The billing rule is as follows: Every TB of data scanned is charged USD 4.
The minimum scanned data size that the billing system bills is 32 MB. Sizes less than 32 MB are calculated as 32 MB. The system creates one bill per hour and deducts fees from your Alibaba Cloud account. You can log on to the Alibaba Cloud console and choose Billing Management > Bills to view the consumption records.
The following example helps you understand the DLA billing method.
Assume that you store a 1 TB CSV file and a 1 TB JSON file in OSS and a 1 TB table in RDS.
If you want to use DLA to perform an association analysis for the data in OSS and RDS, based on the scanned data size and DLA billing method, you need to pay USD 12, that is,
4 + 4 + 4 = USD 12.
To reduce costs, you can use any of the following methods to process the original data, and then use DLA to scan the data.
Format conversion: You can convert the original data format into a high-performance format.
DLA supports multiple high-performance storage formats, such as Apache ORC, Apache Parquet, and Avro.
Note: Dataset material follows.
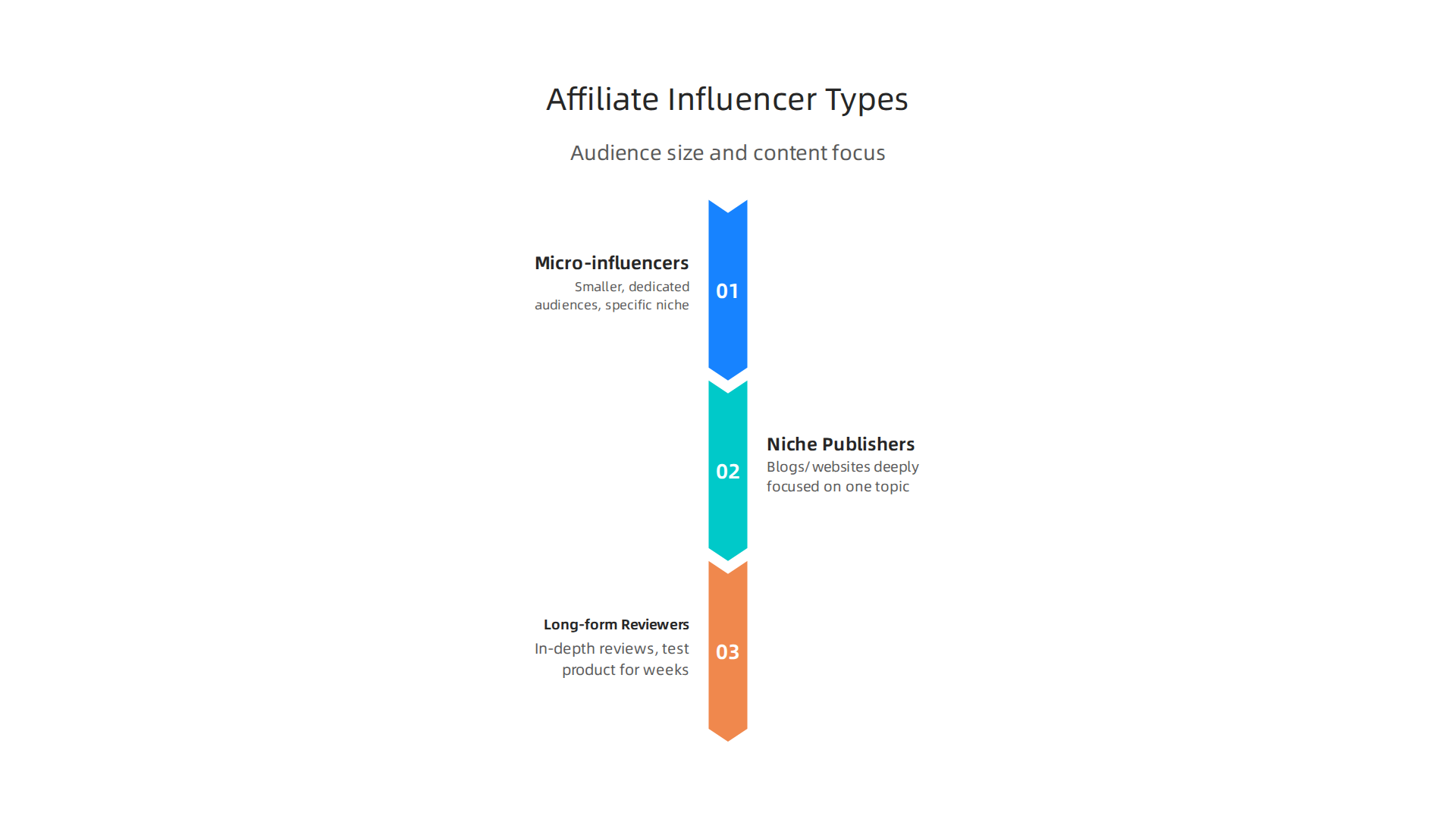 Exploring the different categories of affiliate influencers based on audience size and content focus.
You can convert the original data format into one of the preceding formats according to service requirements, and scan only the desired data columns instead of all data. For how to convert data into a high-performance storage format, see File format conversion.
Data compression: You can compress the original data to reduce the data size, and then use DLA to scan the compressed data.
Data partitioning: You can store the original data into different partitions, and then use DLA to scan one or multiple partitions, instead of all partitions.
In the preceding billing example, you can reduce the DLA scanning cost as follows:
Compress the 1 TB CSV file in GZIP format. The size of the compressed file is 0.4 TB. Store the data of the GZIP file into different partitions, and store the data to be scanned into the same partition. DLA scans only one partition, so the scanned data size is reduced to 0.2 TB.
Convert the 1 TB JSON file into the ORC format. DLA needs to scan only 10% of the data by column, and the scanned data size is reduced to 0.1 TB.
After data format conversion, compression, and partitioning, the DLA scanning fee you need to pay is USD 5.2, that is,
4 x 0.2 + 4 x 0.1 + 4 = USD 5.2. This can reduce the cost by USD 6.8 in total.